La Rivoluzione conservatrice nasce sulle ceneri fumanti della Prima guerra mondiale in seguito alla quale crollano gli Imperi centrali, e la Russia zarista viene travolta dalle orde bolsceviche. E' la fine del mondo tradizionale, con le sue monarchie d'ascendenza divina e le società gerarchiche dominate dalle caste guerriere e sacerdotali; in effetti, è il compimento di Kali Yuga (l'età nera degli Hindù), cominciata con la pace di Westfalia, e perpetratasi con la Rivoluzione francese che ha determinato l'avvento dello stato borghese e della deriva industriale.
Scrittori sofisticati come Ernst Junger o dadaisti filosofi come Julius Evola, forgiatisi nelle tempeste d'acciaio della Grande guerra, divengono animatori di un cenacolo controrivoluzionario (il cui padre nobile è il reazionario ultracattolico Joseph de Maistre) che cerca di risvegliare lo spirito europeo tradizionale per ripristinare il cosmos originario in contrapposizione al caos ctonio causato dalla massa informe del Terzo e del Quarto stato.

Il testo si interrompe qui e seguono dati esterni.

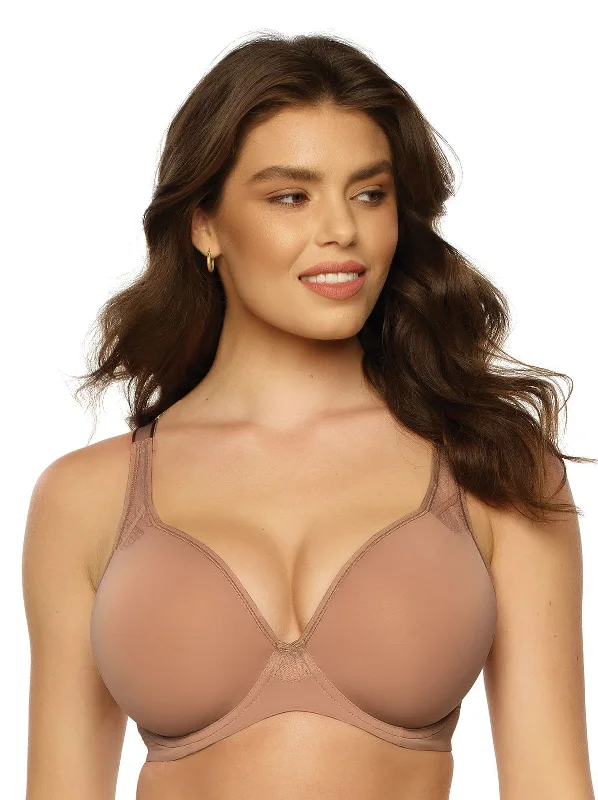 Amaranth Plush T-Shirt Bra Print Jacquard Patchwork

A tale controrivoluzione, che si sviluppa in ambienti germanofoni, aderiscono romanzieri come Thomas Mann, filosofi come Martin Heidegger (atterrito dall'angoscioso mistero dell'epoché dell'Essere, nonché ossessionato dal ritorno alla luminosità della Grecia classica), o giuristi come Carl Schmitt (spregiatore delle democrazie e acerrimo avversario di Hans Kelsen, teorico della Repubblica di Weimar).
Spengler si inserisce in questo milieu culturale a cui contribuisce con la sua monumentale opera Il tramonto dell'Occidente che ripercorre l'ascesa e la caduta ciclica di svariate civiltà; inoltre, introduce i concetti di Kultur (ossia il patrimonio artistico-culturale delle società tradizionali, connotato da una profondità metafisica ormai perduta) e di Zivilisation (ovvero il sapere tecnico-scientifico che caratterizza le società moderne e che possiede una mera valenza quantitativa e fenomenica). Tali questioni sono riprese e sviluppate, in contesti sapienziali e fondamentalmente esoterici, dal francese René Guénon e dall'italiano Julius Evola che, pur non riscuotendo grande credito in contesti italici, è di casa presso l'Herrenklub di Berlino.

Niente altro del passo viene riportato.